Data compression example.

APC and ARC

The ACT consists of an APC (adaptive packet compression coder) and an ARC (adaptive rate controller), as shown in Figure 6.

Figure 6.

APC and ARC.

The ACP applies the compression techniques (DWT, ADPCM, and RLC) to the source packet generated by the application layer; in case of a sink node, it applies the inverse compression techniques (IDWT, IADPCM, and IRLC). The ARC controls the packet rate by reducing the number of transit packets in the relaying queue with the help of ADPCM and RLE. It is a reduced version of the APC without DWT. One may implement only the APC and then use only ADPCM and RLC for the ARC. If the APC and ARC are implemented separately, ADPCM and RLC component (or procedure) can be shared between the APC and the ARC.

APC

Figure 7 shows the block schematic of the APC. The DWT and RLC are similar to the ones conventionally used, and ADPCM is a reduced version used for sensed data compression. The encoder of the ADPCM consists of a difference signal computation, adaptive quantizer, inverse adaptive quantizer, quantizer scale factor adaptation, and signal reconstructor. The difference signal computer subtracts the reconstructed signal from the original data. The subtraction of two successive data packets that have similar values reduces the range of data values. The range of values is reduced again by the adaptive quantizer. The quantized data is encoded by RLC and then inserted into the network layer. The quantized data are also inversely quantized by an inverse adaptive quantizer and reconstructed into the signal by the signal reconstructor.
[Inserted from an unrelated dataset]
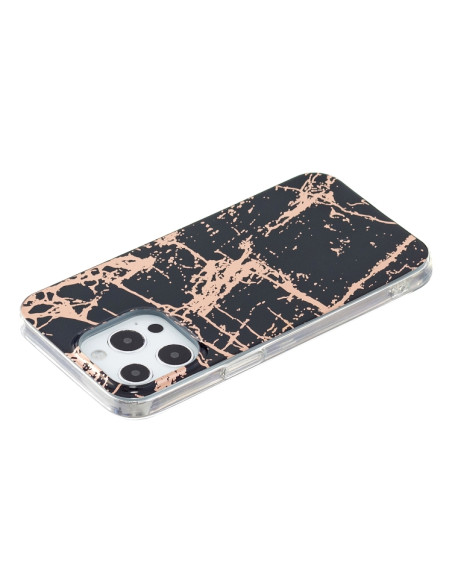 Cover iPhone 13 Pro TPU Giallo Frosted Nero Oro | Melacompro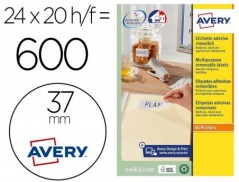 ETIQUETA ADHESIVA AVERY BLANCA REDONDA REMOVIBLE PARA IMPRES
The number of generated packets is varied by the adaptive quantizer, which is controlled by the quantizer scale factor adaptation. The quantizer scale factor adapter increases the quantizer step size in proportion to the strength of congestion. Further, the decoder of the ADPCM consists of an inverse adaptive quantizer, signal reconstructor, and quantizer scale factor adapter.

Figure 7.

Block schematic of APC.

ARC

The ARC controls the output packet rate by re-encoding the transit packets in the relaying queue. It consists of RLC, IRLC, ADPCM, and IADPCM units. Figure 8 shows its block schematic. Transit packets are in a compressed state after RLC is performed, and therefore, the ARC first decodes them with the help of IRLC. Then, the decompressed transit packets are reconstructed by IADPCM and compressed again with a different quantizer step size, which is affected by the congestion state.

Figure 8.

Block schematic of ARC.

Operation

Figure 9 presents the operation of the ACT. The ACT checks the queue state periodically with the routing timer. If the queue is congested with packets, then the ACT checks whether the ARC and APC are applicable or not. If the ARC and APC are applicable, the ACT applies the APC for source packets and the ARC for transit packets. If the congestion persists, the quantization step size is increased drastically. If the quantization step size reaches the limit and the queue is still congested, the ACT starts to drop packets with a low priority in the queue and send routing packets with congestion notification. If a sensor node receives a routing packet with congestion notification from the parent node, the child sensor node increases the transmission interval of packets in the queue and checks whether the ARC and APC are applicable. If the child node faces congestion similar to the parent node, it propagates the congestion notification to its child nodes.

Figure 9.

Operation of ACT.

Adaptive Queue Operation in Congestion

The queue in a network layer works in the First Come First Serve (FCFS) mode [Figure 10-(A)-(1)]. If there is no packet in the sending queue, the packet is served immediately [Figure 10-(A)-(2)]. If some packets are already in the queue, the packet that was inserted last has to wait for the previous packets to be served [Figure 10-(A)-(3)]. If there is no congestion, packets will be served in the order in which they were inserted. In contrast, if packets are congested in the queue, they must wait until the congestion is reduced [Figure 10-(A)-(4)]. Data packets may be delayed for some time or dropped in congestion. However, routing packets should not be delayed or dropped because during congestion, they must be propagated fast so as to reduce the traffic from child nodes. In a conventional congestion control protocol, the back pressure is propagated slowly because routing packets are considerably delayed due to the congested queue. In order to address this problem, the ACT controls the direction for fast propagation of congestion notification. During congestion, if the queue is served in the clockwise direction and a routing packet is inserted at the end of the queue (pointed by the back pointer), the ACT changes the direction to counterclockwise, and thus, the back and front pointers are also changed. Therefore, the routing packet inserted at the last position in the queue becomes the first packet in the queue and is served first. In this case, if the first packet in the queue is a data packet, it cannot be served until a reply packet is received from the parent node. However, a routing is broadcasted to the child nodes and therefore can be served directly even if the parent is congested. As a consequence, a routing packet with congestion notification can be propagated fast to the child nodes.

Figure 10.

Queue operation in congestion.

Compression and Congestion

These compression techniques are usually used in compression of images or audio which are continuous data and have similar data values. We use these compression techniques because the sensed data are continuous and have similar values. DWT, ADPCM, and DWT can drastically reduce the number of packets required by the sensed data. Moreover, in case of congestion, the probability of a packet drop can be reduced by applying ADPCM with a big quantization step size, which reduces the amount of output data from RLC and thus the number of required packets. Dropping a packet causes the loss of the entire data contained in the dropped packet and thus reduces the amount of data, while increasing the quantization step size reduces the fineness (fidelity) of the data.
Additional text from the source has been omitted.